白弦挡在不成器的前面,讪笑:“弟弟年少不知事,胡乱用了书上见的词。我代他道个歉。”
大娘轻笑几声:“你这弟弟看着是比你小几岁。不知道……他几岁?”
真真死亡拷问。白弦眼睛偷偷睁开一缝,对上大娘意味不明的笑容,又死死闭上。
明面上在问不成器的几岁,实际上嘲讽了两个人。
不成器的比她高出几个头,无论怎么看都不像个小孩,除非……把脑子丢掉再看。
但是,凭他做的事,又不像个有思考能力的人。
白弦不敢看对面的人,大娘倒是大大方方地看。明明是一个矮小的成年男人,胆气意外地和他外表不符。眼皮紧紧合在一起,用力到挤出几条皱纹。
她禁不住笑出来,“怕什么?我不吃人。”
白弦睁眼,一下子看到她手里握着的大锤,眼睛像是被上面的刺刺到,又闭得比先前还紧。话是这么说,但你可以打人啊。

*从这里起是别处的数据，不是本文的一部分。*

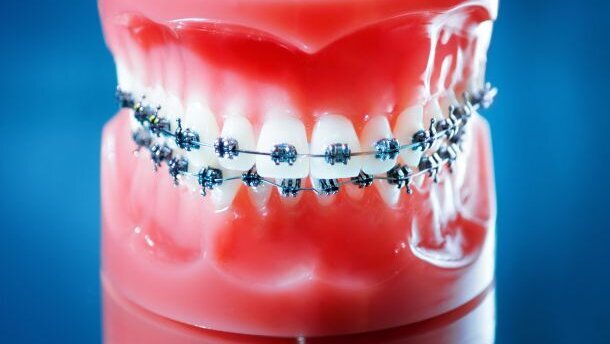 Strengere eisen voor buitenlandse tandarts-specialisten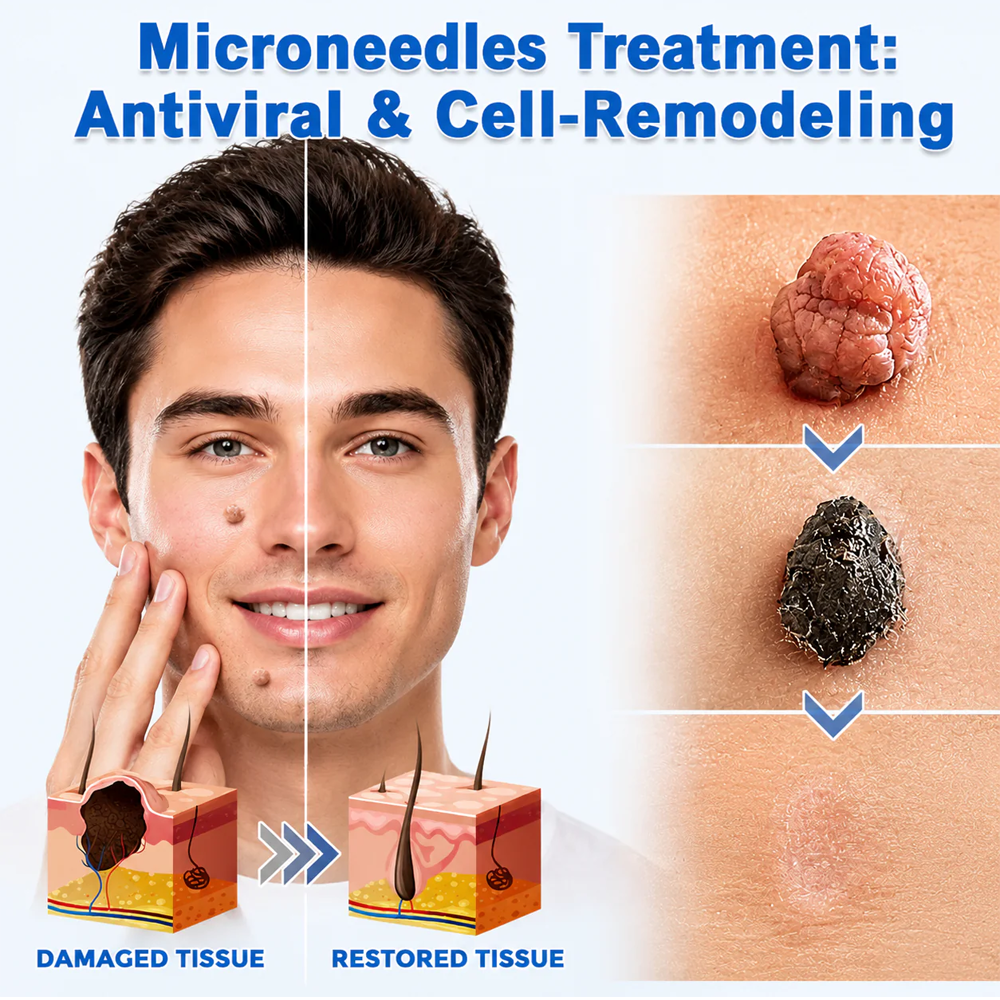 🎉𝑯𝒊𝒔𝒌𝒊𝒏® 2-in-1 Microneedle & Hydrocolloid Patch | Removes raised moles, acne, flat warts, and skin tags | Helps improve wrinkles, scars, and blemishes | Invisible patches for face and body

“闭着好说话。”白弦咽了口唾沫,“不如,您听听我的?”
“嗯。”大娘坏心眼地晃晃手里的锤,而后落在地面。
砰的一声响中白弦仿佛预见自己的结局。
“可佐三两月我觉着还算合适。”她没听见声儿,想来还算入大娘的眼,壮着胆子继续说下去,“……山穷水尽之时,不妨月色伴酒,一解愁肠。”
啪,啪,啪。掌声从稀稀拉拉到整齐划一。
“说得不错。”大娘让人递上一块牌子,“恭喜你入住‘可佐三两月’。”
这就成了?
白弦高兴地接过牌子,刚要走进店,像记起什么事地回头。
有些沮丧的少年眼睛倏地亮起来,疯狂招手:“兄弟兄弟,无富贵,狗相忘。”
笑声从人们喉咙里蹦出来,吐泡泡似的一个个往外冒。
什么叫社死?这就是。
白弦不着痕迹后退几步,试图躲开少年身上冒出的傻气。